You have listed the most detrimental practices of auction houses that you published as a glossary enriched with dozens of press articles. A few things keep astonishing me about this: how come no one became really vocal about this situation before? We all know about the functioning of the art market within the art world but auction houses are the cement of this market, so no one dares to address their shady practices? Related scandals regularly make the headlines but the art world is blind to them. Do you think the critique had to come from within to have a chance to be heard?

There simply wasn’t much information about this situation. This is something I noticed also with offshore finance when I was researching for my project Loophole for All. Before the 2008 financial crisis, there wasn’t basically any book, movie, or organization addressing offshore finance, even if it has been a global key economic factor since the eighties. One reason is that everyone was distracted by theoretical economics, the same way that, in the art world, everyone is distracted by artworks and celebrity-artists, and not looking at what those financial flows actually produces in society. The other information that wasn’t available before is the raw data on these financial mechanisms, just as in offshore finance, we needed several data leaks in order to get a bigger picture and try to put an end to the situation. Nowadays there is at last much more auction data available, news items are aggregable, and a good number of books and movies on this issue are circulating. 

Another fundamental reason is that economic inequality is deep-rooted in the art world, so it’s not surprising if these practices haven’t been addressed before and are only being skimmed over now. Yet, think of the #MeToo movement in the arts, or think how women and people of color were cut out from the art world and how it’s only recently that things have started to change. Unfortunately, economic inequality is still barely being addressed, because major actors in the art market come from privileged backgrounds, and of course, most of the art world relies on inequality to fund itself.

The auction houses are the only elements of the chain of value creation in the art market that really give price points and prospective of resale, and therefore offer chances of financial gain as investment. That is a huge power and monopoly in a market, greater than the one of rating agencies in the financial industry, because auction houses can even trade and manipulate the values to their own advantage and decide who and what should be traded. This would be surreal in any other market. And yet, because they have such power, no one dares to be vocal against them, if you do so, they can cut you out, you won’t be able to resell your art as a collector, you won’t get a price point as an artist and you won’t even be accepted as such by them. So, most of the people that are cut out are resigned or naive about all of this.

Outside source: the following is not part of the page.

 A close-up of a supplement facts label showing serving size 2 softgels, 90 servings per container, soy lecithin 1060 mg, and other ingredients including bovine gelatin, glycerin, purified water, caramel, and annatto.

Yet another important reason is that these unscrupulous financial speculations have been culturally accepted and there is even a lot of glamour around them. As a result, even if it’s a known issue, it’s ignored or even praised. For sure there are some economic, sociological, and academic analyses and some artists have been trying to comment on some of these issues too, but there are very few initiatives that actually try to spark structural changes. There is a lot to be addressed and initiatives so far are very specific, like resale rights in the US. I think there should be more pressure from different fronts and from several parties in the art industry for forcing actual regulation of the art auctions. I’m hoping that people who’ve been silent so far will show more courage.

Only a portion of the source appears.